To figure out how species are related, scientists compare two main types of evidence:
1️⃣ Morphological Data = physical traits and structures
- ✅ Scientists look at shape, structure, and features of organisms.
- Examples:
- Bone patterns in limbs
- Flower structures
- Fossils (like skull shape or tooth type)
- ➡️ Useful when comparing extinct and living species.
2️⃣ Molecular Data = DNA & protein sequences
- ✅ Scientists compare the genetic code between organisms.
- Types of data:
- DNA base sequences (A, T, C, G)
- Amino acid sequences in proteins
- ➡️ More accurate than just looks!
Because even species that look similar might not be closely related – but their DNA tells the real story.
🔗 Why Both?
- Fossils help with ancient comparisons.
- Molecular data helps fill in gaps, especially for living species.
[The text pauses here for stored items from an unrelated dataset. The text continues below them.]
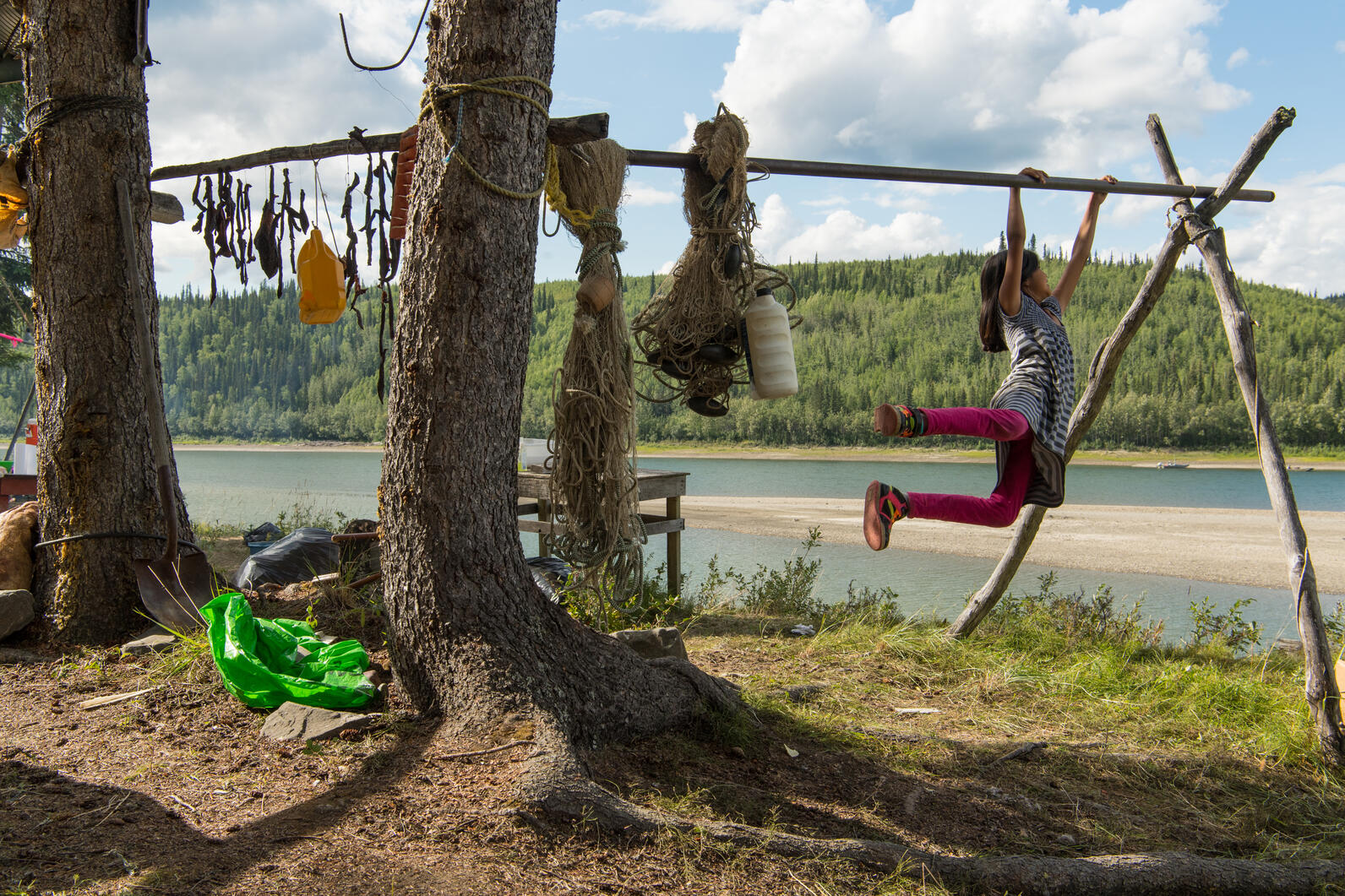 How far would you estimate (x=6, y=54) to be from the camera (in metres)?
5.53

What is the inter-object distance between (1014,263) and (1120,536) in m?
18.2

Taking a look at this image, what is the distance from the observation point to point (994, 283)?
413 cm

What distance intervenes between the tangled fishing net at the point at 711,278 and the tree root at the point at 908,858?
→ 6.37 feet

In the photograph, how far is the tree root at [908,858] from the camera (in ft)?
8.23

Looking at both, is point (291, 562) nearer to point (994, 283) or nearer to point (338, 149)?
point (338, 149)

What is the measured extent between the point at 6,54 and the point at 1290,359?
293 ft

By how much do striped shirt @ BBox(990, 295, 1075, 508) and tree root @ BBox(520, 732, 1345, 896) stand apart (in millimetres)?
1473

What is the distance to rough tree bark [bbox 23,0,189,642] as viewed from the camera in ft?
14.6

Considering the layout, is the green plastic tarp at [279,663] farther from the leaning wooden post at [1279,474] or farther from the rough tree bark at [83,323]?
the leaning wooden post at [1279,474]

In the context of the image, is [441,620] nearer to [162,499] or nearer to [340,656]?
[340,656]

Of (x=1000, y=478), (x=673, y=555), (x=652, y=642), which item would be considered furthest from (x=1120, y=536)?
(x=652, y=642)

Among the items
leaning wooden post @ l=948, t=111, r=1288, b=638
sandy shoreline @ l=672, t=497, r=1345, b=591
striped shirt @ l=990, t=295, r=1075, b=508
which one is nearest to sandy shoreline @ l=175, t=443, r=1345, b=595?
sandy shoreline @ l=672, t=497, r=1345, b=591


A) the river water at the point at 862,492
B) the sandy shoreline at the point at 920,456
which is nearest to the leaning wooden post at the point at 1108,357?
the river water at the point at 862,492

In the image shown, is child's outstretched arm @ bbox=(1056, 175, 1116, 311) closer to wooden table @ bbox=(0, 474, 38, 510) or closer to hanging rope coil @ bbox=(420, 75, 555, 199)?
hanging rope coil @ bbox=(420, 75, 555, 199) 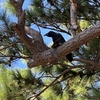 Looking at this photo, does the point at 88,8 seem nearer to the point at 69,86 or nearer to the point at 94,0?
the point at 94,0

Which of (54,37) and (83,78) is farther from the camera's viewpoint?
(83,78)

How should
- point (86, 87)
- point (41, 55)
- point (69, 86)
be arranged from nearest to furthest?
point (41, 55) < point (86, 87) < point (69, 86)

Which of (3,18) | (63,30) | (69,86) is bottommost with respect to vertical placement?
(69,86)

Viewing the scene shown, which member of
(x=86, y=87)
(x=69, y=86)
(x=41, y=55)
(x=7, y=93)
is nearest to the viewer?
(x=41, y=55)

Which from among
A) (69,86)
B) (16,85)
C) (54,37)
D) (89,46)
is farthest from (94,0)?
(54,37)

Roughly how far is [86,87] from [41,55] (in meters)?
0.77

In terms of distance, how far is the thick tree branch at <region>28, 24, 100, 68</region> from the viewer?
4.07ft

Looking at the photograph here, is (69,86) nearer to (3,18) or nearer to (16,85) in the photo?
(16,85)

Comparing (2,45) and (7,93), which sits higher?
(2,45)

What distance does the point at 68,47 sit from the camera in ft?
4.08

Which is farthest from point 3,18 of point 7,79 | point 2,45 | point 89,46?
point 89,46

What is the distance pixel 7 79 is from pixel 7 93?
13 centimetres

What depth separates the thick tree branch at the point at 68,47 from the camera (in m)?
1.24

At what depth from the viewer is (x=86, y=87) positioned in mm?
1977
- Using both gives a stronger, more complete tree!
🧠 Summary:
Scientists build evolutionary trees by comparing body structures AND genetic info to figure out who’s related to whom!
7.9.B.3 – Phylogenetic Trees Are Just Scientific Hypotheses!
🧪 What Does This Mean?
A phylogenetic tree or cladogram isn’t set in stone – it’s a scientific guess (hypothesis) about how organisms are related.
It’s based on the best available data at the time (like DNA, fossils, body structures), but…
👉 It can change!
New evidence = new tree 🌱➡🌳
🔄 Why Do These Trees Get Revised?
As science advances, we:
- 🔬 Sequence more genomes (DNA!)
- 🦴 Discover new fossils
- 🧫 Find better ways to compare traits
All this new evidence might show:
- Two species are more/less related than we thought
- A trait evolved multiple times (not just once!)
- A common ancestor lived earlier or later than expected
🧠 Real-World Example:
- Old trees grouped whales with fish (based on shape).
- But DNA proved whales are actually closer to hippos!
- So, the tree was updated
📌 Summary:
Phylogenetic trees and cladograms are best guesses based on evidence, but they’re always being tested and revised as science discovers more.